Lines from the one with "Foto: Divulgação" through the end of the listing below are to be retyped exactly.

---------- INPUT DATA

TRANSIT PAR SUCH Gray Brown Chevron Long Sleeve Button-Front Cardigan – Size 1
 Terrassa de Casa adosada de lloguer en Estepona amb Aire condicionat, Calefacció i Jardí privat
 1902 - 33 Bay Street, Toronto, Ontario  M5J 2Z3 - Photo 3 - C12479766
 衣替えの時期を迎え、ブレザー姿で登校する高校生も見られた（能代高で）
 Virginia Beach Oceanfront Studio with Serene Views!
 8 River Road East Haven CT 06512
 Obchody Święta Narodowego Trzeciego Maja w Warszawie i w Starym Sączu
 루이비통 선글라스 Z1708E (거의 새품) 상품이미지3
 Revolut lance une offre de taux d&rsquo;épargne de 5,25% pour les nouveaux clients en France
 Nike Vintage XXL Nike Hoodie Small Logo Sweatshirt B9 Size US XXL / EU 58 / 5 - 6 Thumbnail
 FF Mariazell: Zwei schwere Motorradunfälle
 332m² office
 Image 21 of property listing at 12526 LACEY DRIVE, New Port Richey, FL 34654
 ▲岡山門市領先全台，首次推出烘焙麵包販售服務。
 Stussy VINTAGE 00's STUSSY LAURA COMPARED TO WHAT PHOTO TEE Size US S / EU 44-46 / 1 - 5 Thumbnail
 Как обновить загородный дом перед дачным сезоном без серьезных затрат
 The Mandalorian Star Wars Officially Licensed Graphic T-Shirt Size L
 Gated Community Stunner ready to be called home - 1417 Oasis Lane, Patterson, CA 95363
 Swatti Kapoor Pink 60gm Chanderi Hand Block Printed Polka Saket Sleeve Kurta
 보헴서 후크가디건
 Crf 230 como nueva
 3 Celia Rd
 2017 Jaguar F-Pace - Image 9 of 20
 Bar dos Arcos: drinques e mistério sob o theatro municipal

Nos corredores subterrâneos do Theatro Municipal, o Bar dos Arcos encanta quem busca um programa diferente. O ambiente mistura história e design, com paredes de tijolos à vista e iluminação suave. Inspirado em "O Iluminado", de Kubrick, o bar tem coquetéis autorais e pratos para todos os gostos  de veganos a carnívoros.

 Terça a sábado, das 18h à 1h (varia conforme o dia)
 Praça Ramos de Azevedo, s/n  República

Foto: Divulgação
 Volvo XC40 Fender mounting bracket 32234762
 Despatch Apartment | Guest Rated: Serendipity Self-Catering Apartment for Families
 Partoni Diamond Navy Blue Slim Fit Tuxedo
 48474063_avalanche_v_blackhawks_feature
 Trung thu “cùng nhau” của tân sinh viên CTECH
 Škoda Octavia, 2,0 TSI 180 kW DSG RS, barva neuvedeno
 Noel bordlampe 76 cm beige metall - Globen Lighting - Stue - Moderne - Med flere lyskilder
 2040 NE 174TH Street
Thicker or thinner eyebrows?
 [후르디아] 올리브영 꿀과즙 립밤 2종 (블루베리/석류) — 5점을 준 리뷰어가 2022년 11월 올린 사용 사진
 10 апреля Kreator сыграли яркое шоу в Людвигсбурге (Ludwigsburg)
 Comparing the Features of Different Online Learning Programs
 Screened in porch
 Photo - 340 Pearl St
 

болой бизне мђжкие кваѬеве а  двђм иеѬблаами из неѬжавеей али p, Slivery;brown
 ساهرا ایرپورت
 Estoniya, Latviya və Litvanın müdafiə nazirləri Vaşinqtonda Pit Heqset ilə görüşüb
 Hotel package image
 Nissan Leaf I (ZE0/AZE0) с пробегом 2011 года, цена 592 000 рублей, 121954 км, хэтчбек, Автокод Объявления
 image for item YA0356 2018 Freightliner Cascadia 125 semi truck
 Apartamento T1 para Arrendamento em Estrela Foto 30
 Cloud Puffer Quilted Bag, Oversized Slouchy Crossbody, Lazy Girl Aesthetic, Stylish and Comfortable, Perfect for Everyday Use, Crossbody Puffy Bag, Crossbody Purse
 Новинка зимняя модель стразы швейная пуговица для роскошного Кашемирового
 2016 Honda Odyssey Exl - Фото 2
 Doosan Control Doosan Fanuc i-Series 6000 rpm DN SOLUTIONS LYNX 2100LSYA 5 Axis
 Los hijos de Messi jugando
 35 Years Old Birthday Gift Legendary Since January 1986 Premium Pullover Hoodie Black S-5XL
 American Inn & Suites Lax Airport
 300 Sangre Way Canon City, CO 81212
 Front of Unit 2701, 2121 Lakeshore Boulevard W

--------------------

# [TASK RESULT]
Foto: Divulgação
 Volvo XC40 Fender mounting bracket 32234762
 Despatch Apartment | Guest Rated: Serendipity Self-Catering Apartment for Families
 Partoni Diamond Navy Blue Slim Fit Tuxedo
 48474063_avalanche_v_blackhawks_feature
 Trung thu “cùng nhau” của tân sinh viên CTECH
 Škoda Octavia, 2,0 TSI 180 kW DSG RS, barva neuvedeno
 Noel bordlampe 76 cm beige metall - Globen Lighting - Stue - Moderne - Med flere lyskilder
 2040 NE 174TH Street
Thicker or thinner eyebrows?
 [후르디아] 올리브영 꿀과즙 립밤 2종 (블루베리/석류) — 5점을 준 리뷰어가 2022년 11월 올린 사용 사진
 10 апреля Kreator сыграли яркое шоу в Людвигсбурге (Ludwigsburg)
 Comparing the Features of Different Online Learning Programs
 Screened in porch
 Photo - 340 Pearl St
 

болой бизне мђжкие кваѬеве а  двђм иеѬблаами из неѬжавеей али p, Slivery;brown
 ساهرا ایرپورت
 Estoniya, Latviya və Litvanın müdafiə nazirləri Vaşinqtonda Pit Heqset ilə görüşüb
 Hotel package image
 Nissan Leaf I (ZE0/AZE0) с пробегом 2011 года, цена 592 000 рублей, 121954 км, хэтчбек, Автокод Объявления
 image for item YA0356 2018 Freightliner Cascadia 125 semi truck
 Apartamento T1 para Arrendamento em Estrela Foto 30
 Cloud Puffer Quilted Bag, Oversized Slouchy Crossbody, Lazy Girl Aesthetic, Stylish and Comfortable, Perfect for Everyday Use, Crossbody Puffy Bag, Crossbody Purse
 Новинка зимняя модель стразы швейная пуговица для роскошного Кашемирового
 2016 Honda Odyssey Exl - Фото 2
 Doosan Control Doosan Fanuc i-Series 6000 rpm DN SOLUTIONS LYNX 2100LSYA 5 Axis
 Los hijos de Messi jugando
 35 Years Old Birthday Gift Legendary Since January 1986 Premium Pullover Hoodie Black S-5XL
 American Inn & Suites Lax Airport
 300 Sangre Way Canon City, CO 81212
 Front of Unit 2701, 2121 Lakeshore Boulevard W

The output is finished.